I am building a custom optimizer that samples learning rates from a Dirichlet distribution, whose parameters (alpha) need to be updated in each backpropagation. I’ve already figured out how to get the loss w.r.t. to these alpha parameters, effectively this would be ∂η/∂α, where η is the learning rate.

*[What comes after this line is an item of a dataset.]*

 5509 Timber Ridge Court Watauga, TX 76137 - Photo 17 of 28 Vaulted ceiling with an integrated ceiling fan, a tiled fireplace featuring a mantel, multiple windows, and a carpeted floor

However, I need to “connect,” for lack of better word, this gradient with that of the loss, effectively ∂L/∂η, such that I can “chain” these gradients together, forming the expression:
∂L/∂η * ∂η/∂α = ∂L/∂α
I can then use this gradient to update the alphas and therefore improve the sampling of the distribution. The problem is I cannot figure out how to get ∂L/∂η. I’ve tried using the following line:
grad_learning_rate = torch.autograd.grad(loss, self.learning_rate, grad_outputs=torch.tensor(1.0, device=loss.device), retain_graph=True, allow_unused=True)[0]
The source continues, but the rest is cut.